PARA QUEM TEM FRACO, UM PROGRAMA FORTE…
Julia, nos anos 2000 era radioatriz da “Patrulha da Cidade“, um dos mais populares programas do rádio carioca, cujo slogan está acima citado. Desde 1960 no ar, o radiofônico é um dos únicos, talvez o único do gênero, e uma das maiores audiências da Rádio Tupi carioca desde então. Trata-se de um jornal policial, onde as notícias, na maior parte das vezes bárbaras ou trágicas são reportadas de forma satírica ou humorística. A “Patrulha” inicialmente chamava-se “A Cidade Contra o Crime“, e recebeu o título atual por meio de Oduvaldo Cozzi (1915 – 1978) , ainda nos 60’s.

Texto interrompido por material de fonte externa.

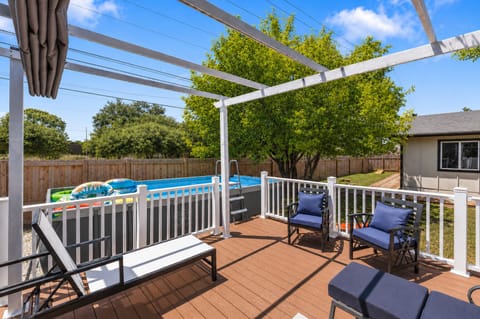 Enjoy sunny days by the pool with stylish seating and vibrant views!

Do seu primeiro ano até o de 2000, foi conduzido por Juarez Getirana, o Gegê (1937-2000). Júlia entra numa das reformulações do jornalístico, quando era conduzido por Coelho Lima, radialista, hoje aposentado. Ainda que o radioteatro esteja quase em desuso, a atriz afirma que haver trabalhado nesse meio de comunicação fez muita diferença em seu fazer como artista. “No radio-teatro você coloca tudo na voz. É preciso ter um grande domínio vocal, ir pelo ritmo, timing, respiração. E é engraçado desenvolver essa técnica toda pela palavra e não pelo corpo, já que estamos num estúdio. Muito dessa geração de rádio e TV deveu-se ao Teatro de Revista e há outras coisas, tanto ou mais que foram usadas lá, e das quais lançamos mão até hoje”.
Uma das atrizes das quais Rabello se reporta com gratidão é Cordélia Santos (1931-2016). “Aprendi muito com ela. É muito prazeroso ouvir esses artistas mais veteranos e experientes”. A radialista citada por Rabello estava na Tupi desde 1950, na função de radioatriz. Sobre o jornalístico policial, Julia relata que “A Patrulha é um fenômeno. Eu cobria as férias das radioatrizes. No programa havia quatro radioatores de longa data, dentre os quais a Cordélia. Apesar de a minha família ouvir muito rádio eu não fui criada com ele. Só trabalhando na Tupi é que fui me dar conta do tamanho da “Patrulha”, confessa.
O noticioso, inclusive, costuma receber críticas tanto de advogados como de alguns outros comunicadores por tratar a violência de forma jocosa. “Às vezes a coisa beirava o quase surrealismo, diante do nível de gravidade de algumas situações. O humor evitava de fazer virar uma barra pesada e o radioteatro nos dava muitas ferramentas”. As falas de Júlia revelam, inclusive um dado importante: Há muito poucos registros acessíveis sobre a História do Rádio, especialmente o carioca. Mesmo em programas de sucesso como este, que ela participou. O que revela uma grande dificuldade do Brasil no que tange à sua própria memória. Não há registro recente do radialista Coelho Lima, acima citado, ainda que tenha se aposentado dos microfones. A memória do rádio acaba sendo a memória dos que o fizeram e que ainda estão vivos.
Julia aponta que “Na Tupi, antes da “Patrulha”, havia um programa de debates de temas da atualidade e circulavam os comunicadores influentes. A emissora ficava na Rua do Livramento, no prédio dos Diários Associados”, relata. Eis aí mais uma marca do descaso brasileiro para com a memória. O prédio ao qual referencia-se Júlia é um dos primeiros projetos arquitetônicos de Oscar Niemeyer (1907-2012). Erigido em 1949, o prédio pertence à chamada “fase racionalista” do arquiteto. Em 2016, os Diários Associados, organismo controlador da Tupi, venderam o edifício à SPE Porto Maravilha Offices. Quando começaram os escândalos da Lava-Jato, as obras foram paralisadas e o imóvel, tombado pelo IPHAN (Instituto do Património Histórico e Artístico Nacional), revestido por cobogós, foi depredado e hoje está em situação de abandono. “A relação com a nossa memória e com a nossa história sucede da mesma maneira que a nossa relação com a cultura”, finaliza.